Numerical Integration of Navier-Stokes Equations by Time Series Expansion and Stabilized FEM
Ahmad Deeb, Denys Dutykh
TL;DR
This work addresses stable, high-order time integration of incompressible NS equations by embedding a time-series expansion (TSE) into a FEM framework and stabilizing higher-order terms via a Divergent Series Resummation (DSR) approach. The method converts the nonlinear NS problem into a cascade of linear mixed problems that are solved with Brezzi-stable FEM spaces, and uses Borel–Laplace resummation with a factorial-series (FS) implementation to sum divergent series in time. A stabilization mechanism introducing artificial diffusion is developed to control spurious growth in higher-rank terms, linking to NS$\!$-\alpha-like regularizations and dramatically improving stability and allowable time steps, as demonstrated on Taylor–Green vortex and cylinder-flow tests. The results indicate substantial gains in computational efficiency and stability for high-order TSE-FEM, with clear pathways for extensions to more complex dynamics, variable time stepping, and HPC-scale implementations.
Abstract
This manuscript introduces an advanced numerical approach for the integration of incompressible Navier-Stokes (NS) equations using a Time Series Expansion (TSE) method within a Finite Element Method (FEM) framework. The technique is enhanced by a novel stabilization strategy, incorporating a Divergent Series Resummation (DSR) technique, which significantly augments the computational efficiency of the algorithm. The stabilization mechanism is meticulously designed to improve the stability and validity of computed series terms, enabling the application of the Factorial Series (FS) algorithm for series resummation.

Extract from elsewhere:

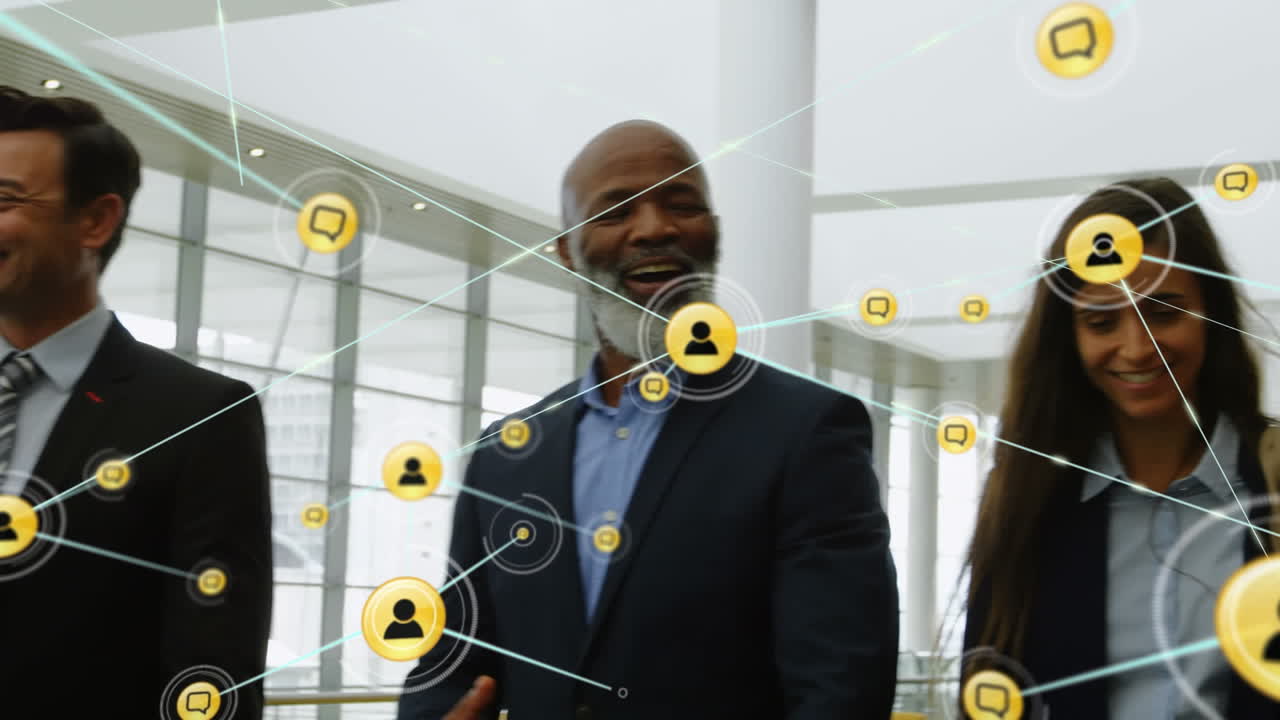 Animation of network of connections with icons over diverse business people working at office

This approach is pivotal in addressing the challenges associated with the accurate and stable numerical solution of NS equations, which are critical in Computational Fluid Dynamics (CFD) applications. The manuscript elaborates on the variational formulation of Stokes problem and present convergence analysis of the method using the Ladyzhenskaya-Babuska-Brezzi (LBB) condition. It is followed by the NS equations and the implementation details of the stabilization technique, underscored by numerical tests on laminar flow past a cylinder, showcasing the method's efficacy and potential for broad applicability in fluid dynamics simulations. The results of the stabilization indicate a substantial enhancement in computational stability and accuracy, offering a promising avenue for future research in the field.